3 thoughts on “Killing Comedy

  1. It’s true that comedy and the perception of comedy has changed in recent generations in an effort to be more politically correct, however, I don’t think that Amy Schumer is a comedian who has failed as a result of the “woke” media, perhaps she’s just not funny. As a comedian, you can make whatever jokes you want, but it’s not the responsibility of the audience to laugh if the jokes don’t land. Honestly, did you watch Amy Schumer’s movie and laugh? The South Park episode is satire, it portrays an extreme reality, I don’t think that the episode is meant to serve as a warning for the dangers of “wokeness.” People not laughing at bad jokes is not a precursor of our society descending into a dictatorship. I agree that political sensitivities around comedy have become extreme in some senses, but comedy is completely subjective.

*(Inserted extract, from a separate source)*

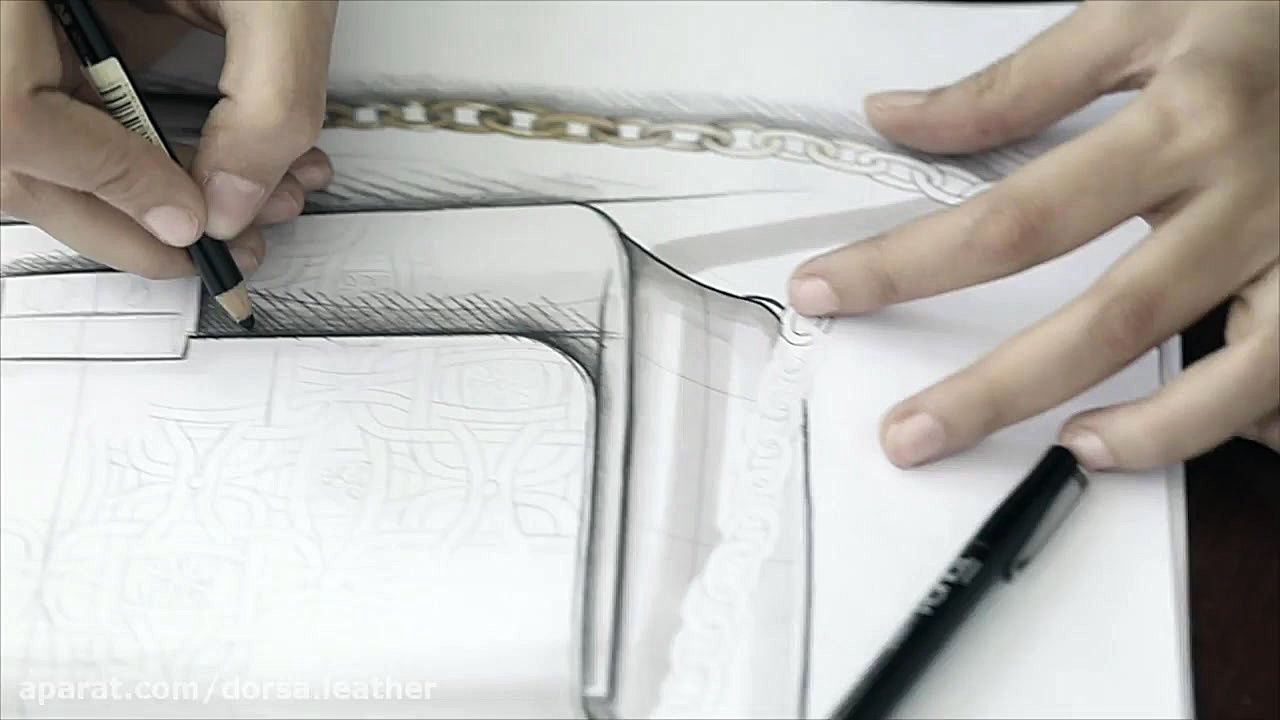 رونمایی از کلکسیون لاوین مد روز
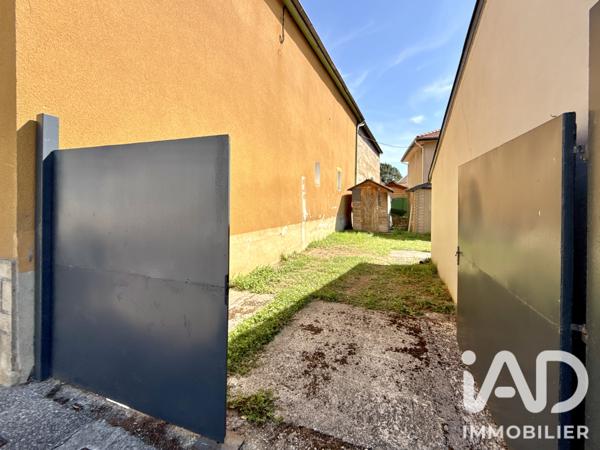 Maison à vendre 2 pièces 39 m² Chatuzange-le-Goubet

  2. Are the new generations more PC than the previous generations? Absolutely, but I don’t think that it’s as big of a problem as a lot of people that share your opinion think it is. In the same way that people are allowed to make offensive jokes for the sake of comedy, others are allowed to dislike things they find offensive. Of course, there are situations like the “I Feel Pretty” reaction in which people can completely miss the point of comedies, but in other circumstances, just because something is intolerant in a “funny way,” doesn’t mean everyone gonna laugh at it.

  3. Hello Armin!
    Although I definitely agree that there are some instances where comedians or shows can cross the line with jokes and what they believe will be humorous for others, I also believe that not everything should be taken to heart. Some things are read with great detail and it feels as if people are reading in between lines that aren’t there. Again, I understand that this is not always the case, and people have a right to be offended at whatever offends them, but if we keep going pace, we will not have much to talk about or bring up in comedy shows/movies.